THE DRIVER’S MANUAL (project manifesto)
This project has four main components: written and published book, recorded story, book reading and art exhibition.
The book, Dark Reflections, is to be published as three limited edition artist books as well as several soft cover pulp-style books. The limited edition books will be square, hard bound books nestled in a larger fabric covered box. Inside the box, in addition to the book, will be approximately 10 original paintings – meant to accompany the text and represent work the protagonist created during her residency.
The story will also be turned into a recorded book with a hired actor doing the reading.
Alicia McLaren: Alicia (the protagonist) has been created, like Frankenstein’s monster, as an Internet presence. She has her own blog (http://aliciamclarenexists.tumblr.com/) and Facebook page. Be her friend!
The project will culminate in a book reading and art exhibition that Alicia will attend. Alicia, in practical terms, is only represented by a dark haired wig. Whenever she is slated to appear somewhere I will hire someone to act out her role and wear this wig.

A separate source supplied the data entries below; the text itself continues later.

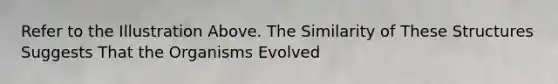 Refer to the Illustration Above. The Similarity of These Structures Suggests That the Organisms Evolved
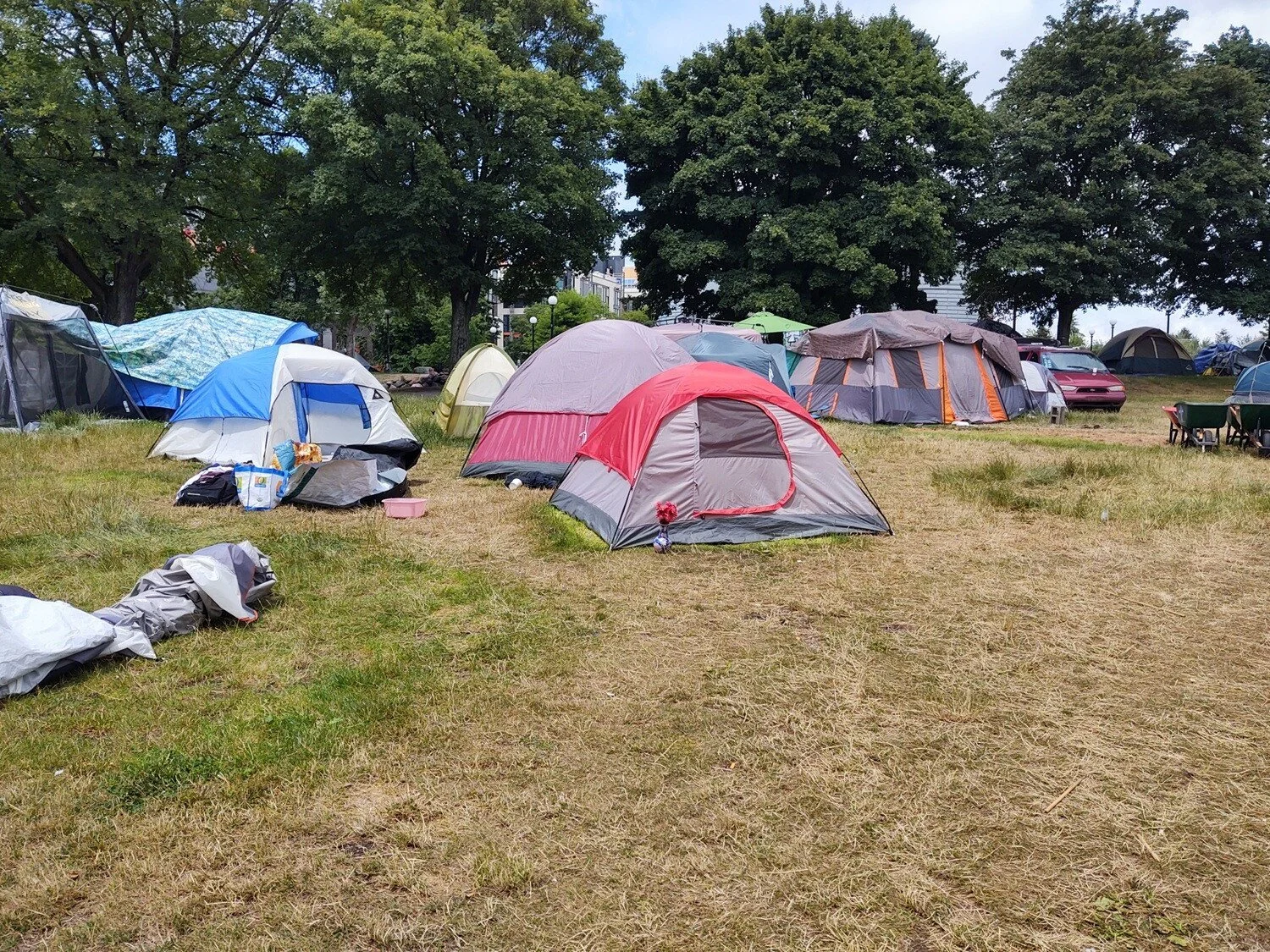 About a dozen tents, a maroon minivan, and a wheelbarrow sit on patchy brown grass, surrounded by large trees.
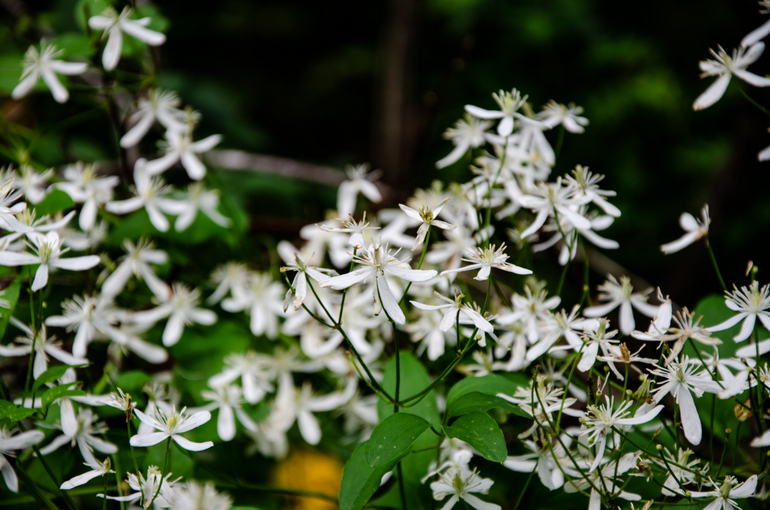 点击查看原图大小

Alicia McLaren, a NY based artist who is literally afraid of her own reflection, is accepted to a residency at the Mt. Gay Watercolor Society in Grenada, West Indies. In order to go, she must leave her rocky relationship with her long-term fiancé behind. Excited to finally visit the country where her long deceased father was born, Alicia believes she will find a sense of self that she was lacking before. Little does she know that on her visit she will face the ultimate power of the island, loosening her grip on reality and putting her life in the hands of a madman.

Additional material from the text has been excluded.